Stephen George McFarland (born December 21, 1954, Tarrant County, Texas) is an American career diplomat and former United States Ambassador to Guatemala (from June 2008 to August 2011).

==Background==
The son of a diplomat, George Albert McFarland Jr., Ambassador McFarland grew up in Latin America and the Middle East, as well as in central Texas and suburban Washington, D.C. He is a graduate of the Colegio Franklin Delano Roosevelt American School in Lima, Peru, Yale University, and the U.S. Air War College. He also attended the Marine Corps Platoon Leaders Course.

McFarland speaks fluent Spanish and some Guarani, and he is currently studying Kʼicheʼ, the second most widely spoken language in Guatemala after Spanish.

==Diplomatic career==
He joined the Foreign Service in 1977, and was subsequently posted to Maracaibo, Venezuela. He has served in a series of assignments in Latin America focusing on U.S. support for democratic transitions, human rights, and security.

He has held positions including political officer in Ecuador and Peru, desk officer for Nicaragua, and political counselor in El Salvador, Bolivia, and Peru. He was the U.S. member of the interim cease-fire monitoring group on the Peru-Ecuador border in 1995, following the Cenepa War. He later served as the Deputy Chief of Mission and the Chargé d'Affaires in both Paraguay and Guatemala, as the Deputy Chief of Mission in Venezuela, and as the Director of Cuban Affairs in the Department of State.

Previously, he served as director of Stability Operations Training in the Foreign Service Institute of the United States Department of State. In 2007, he led a civilian-military Provincial Reconstruction Team embedded with Marine Corps Regimental Combat Team 2 in western Iraq.

==Ambassador to Guatemala==
He was nominated to the position of Ambassador by President George W. Bush and Secretary of State Condoleezza Rice.

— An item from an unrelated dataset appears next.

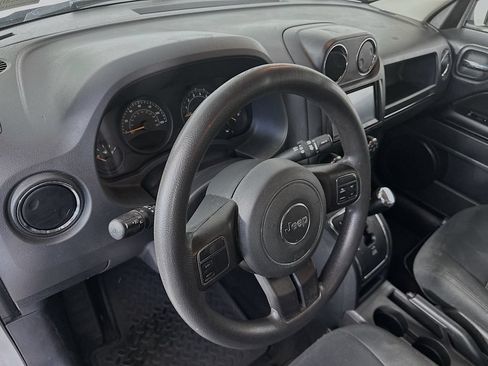 Used 2014 Jeep Patriot Sport w/ Power Value Group AWD/4WD image 25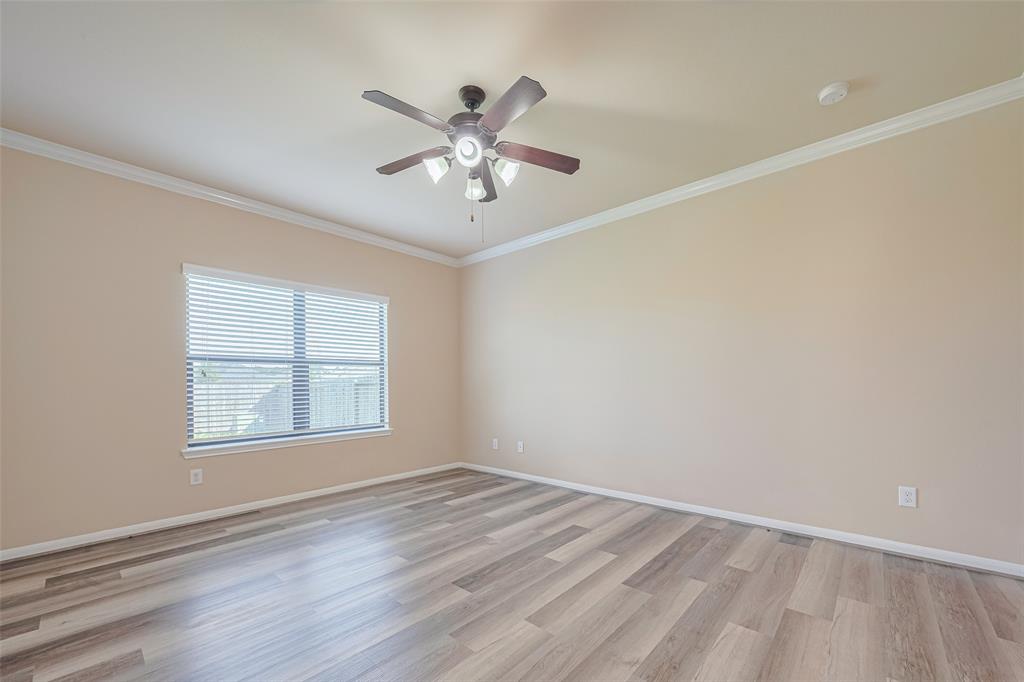 10015 Black Birch Lane, Tomball, Texas image 14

On April 22, 2008 with then Senator Joseph Biden presiding before the Senate Foreign Relations Committee, his nomination confirmation was moved en bloc by Senator Biden, seconded by Senator John Kerry and approved unanimously by voice vote.

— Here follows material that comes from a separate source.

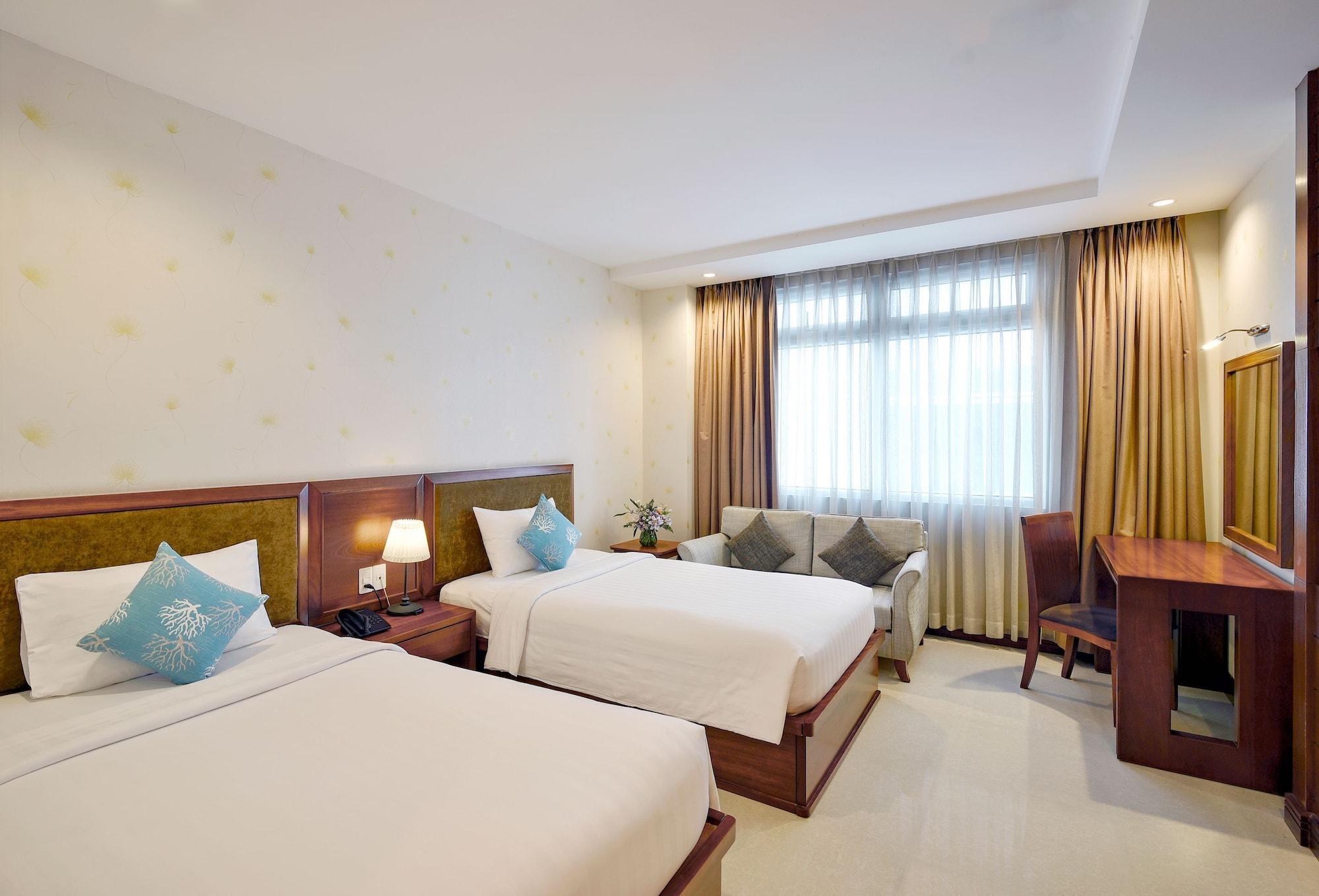 Hotel Aquari 3*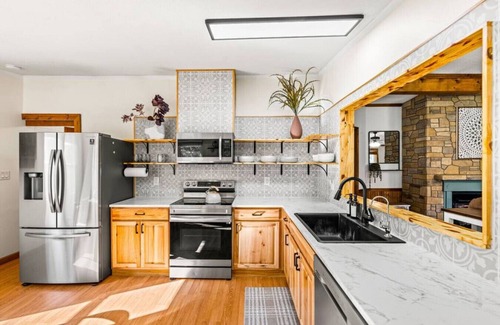 Newport House | 3BR Family Getaway on Goat Farm w 100 yr Old Barn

McFarland was sworn in as U.S. Ambassador to the Republic of Guatemala on June 30, 2008 by U.S. Deputy Secretary of State John Negroponte in Washington, D.C. He arrived as ambassador in Guatemala on August 5, 2008 with his wife Karin and four sons, Chris, Alex, Andrew, and Kevin.

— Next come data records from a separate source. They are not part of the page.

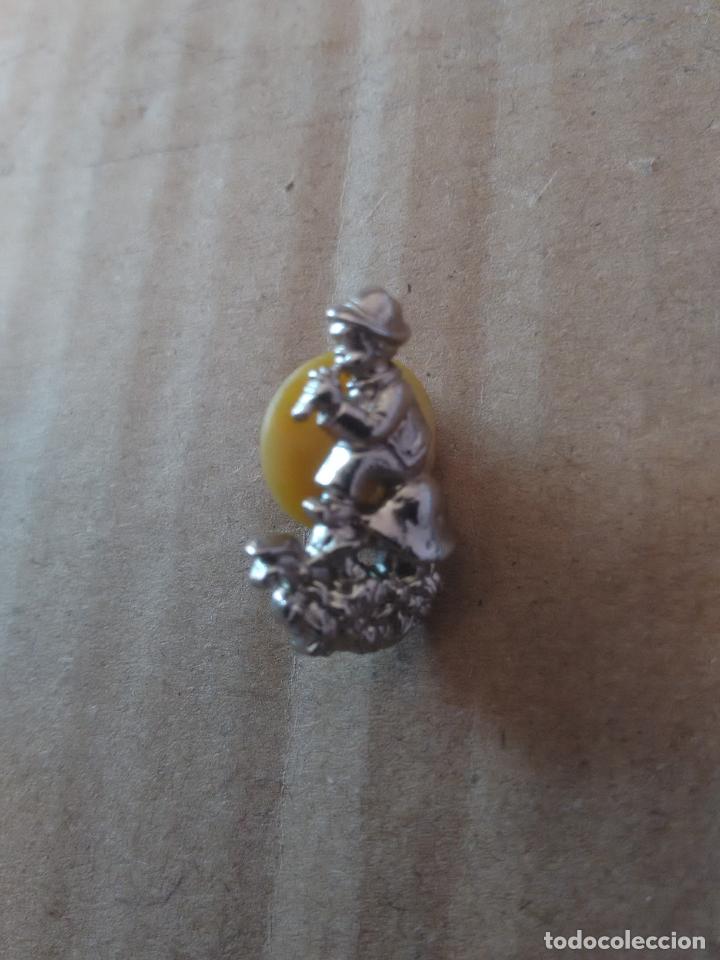 Pins de colecci&oacute;n: PIN M&Uacute;SICA: NI&Ntilde;O TOCANDO LA FLAUTA, COLOR PLATEADO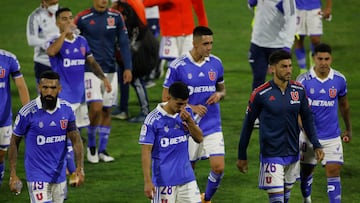 Futbol, Universidad Catlica vs Universidad de Chile.
Fecha 8, campeonato Nacional 2022.
Los jugadores de Universidad de Chile se lamentan luego de la derrota contra Universidad Catlica por el partido de primera division disputado en el estadio San Carlos de Apoquindo.
Santiago, Chile.
02/04/2022
Dragomir Yankovic/Photosport
Football, Universidad Catlica vs Universidad de Chile.
8 th date, 2022 National Championship.
Universidad de Chile's players react after defeat against Universidad Catlica's for the first division match held at the first division match held at the San CarlUos de Apoquindo stadium.
Santiago, Chile.
02/04/2022
Dragomir Yankovic/Photosport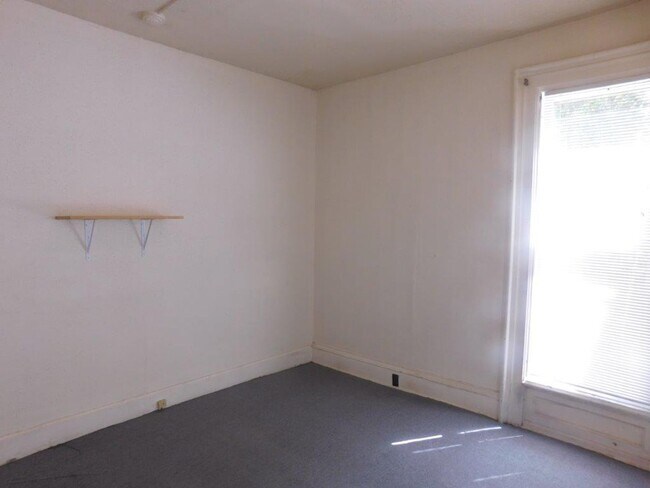 Building Photo - 209 E Mifflin St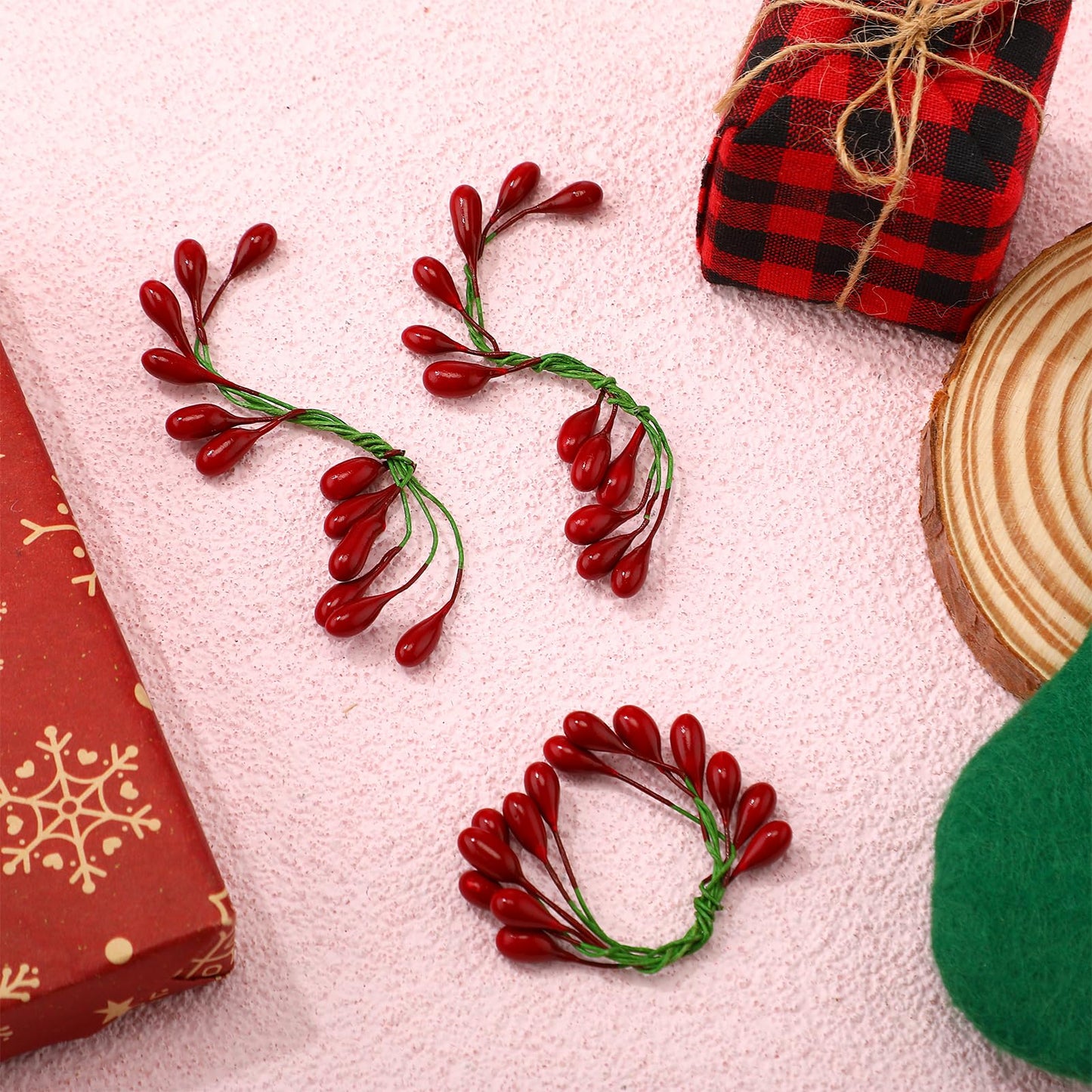 BBTO 300 Pcs Artificial Holly Christmas Fake Berries on 150 Wire Stems Berries Branches Stems Decor for Christmas Tree Decoration Wreath DIY Crafts Use Wedding Home Xmas Party Favor(Dark Red)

Shortly after his arrival in Guatemala, he spoke about an espionage scandal. Guatemala's president Álvaro Colom announced that his office and home were bugged with cameras and listening devices. Ambassador McFarland described the situation as a "failure" of the Secretariat of Administrative Affairs and Security (SAAS).

During the nationwide violence of March 2009, the wife of Sergio Morales, Guatemala's Attorney General for Human Rights was kidnapped and tortured. Ambassador McFarland offered the full support of the US to investigate the crime.

==Coordinator of Rule of Law and Enforcement-Afghanistan==
Ambassador McFarland learned Dari in the Foreign Service Institute in Arlington, VA up until January 2012. After his posting at the Foreign Service Institute, he assumed the post of Coordinator of Rule of Law and Enforcement in Kabul, Afghanistan.